Monday, July 18, 2011

Honour and Nobility

I have been plowing through A Song of Ice and Fire series by George RR Martin in preparation for reading the latest installment.  I had forgotten how bloody *enormous* it is!  900+ pages for every book and they just seem to get bigger and bigger as the story progresses.  I had also forgotten just how much Martin manages to avoid having Good and Evil people in his story.  While there are certainly people who are jerks it reads a lot more like read life than fantasy:  People have real reasons for doing things and those that inflict the most hideous cruelties are often nice in other situations and those that seem so honourable and good end up being responsible for tidal waves of blood.

*Warning:  Spoiler alert!*

Take Eddard Stark.  A stern but just ruler, a man who strives to be honourable in all things.  His death near the end of the first book came as a shock to many since he was the central character for Team Good for the story up to that point.  But how good was he really?
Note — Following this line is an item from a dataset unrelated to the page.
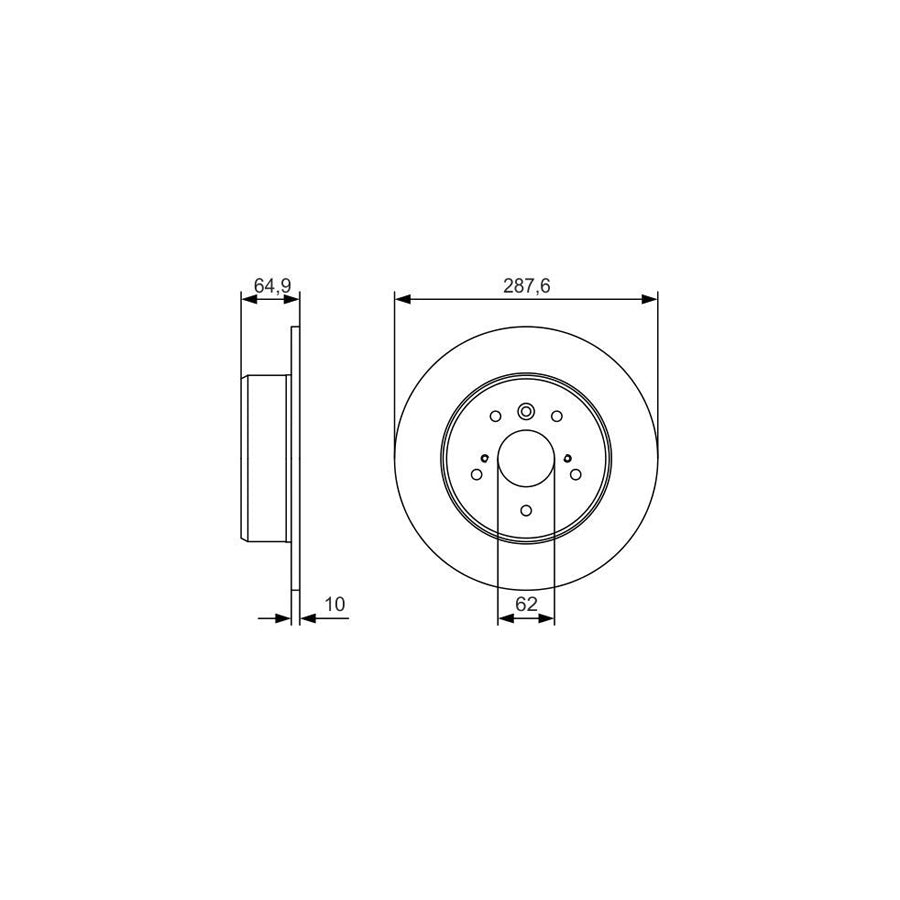 BOSCH 0 986 479 T69 Brake Disc Solid Oiled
He warned Cersei Lannister of his intentions, paving the way for Robert's murder.  He refused to seize power multiple times when the opportunity presented itself and instead walked into a betrayal that plunged the world into war.  Eddard had ample opportunities to leave the realm in peace but he did not do so for one reason:  His honour.  He weighed the possibility of war and the accompanying deaths of tens of thousands against 'I would feel bad' and chose the former.  He decided that it was more important for him to 'do the honourable thing' than it was for him to prevent the realm being plunged into war.  This action can't even be justified be looking at his immediate family since they ultimately were nearly wiped out (along with gazillions of their followers) in the ensuing chaos.

Eddard is by no means the only one.  All kinds of high lords are happy to cause untold carnage to increase their own power, get revenge for friends or family members that have died or just for the glory of it all.  Looked at through a modern lens where the lives of a peasant and a powerful lord are equal their behaviour is universally evil; even the best of the lords places far more import on the life and comfort of someone nobly born.  This is obviously pretty accurate as that was the way things were in feudal society, and in fact in pretty much any society until our modern one.  Even if the mayor of Toronto could in fact order the people of the city to attack Vancouver he would find absolutely nobody who thought that rescuing his son would be an appropriate excuse for such an action.

The more I read this series the more I appreciate how well it is written... but the more I also appreciate how capable people are of being evil while believing themselves to be utterly righteous.

1 comment:

  1. I am very glad that Rob Ford cannot declare war on Vancouver.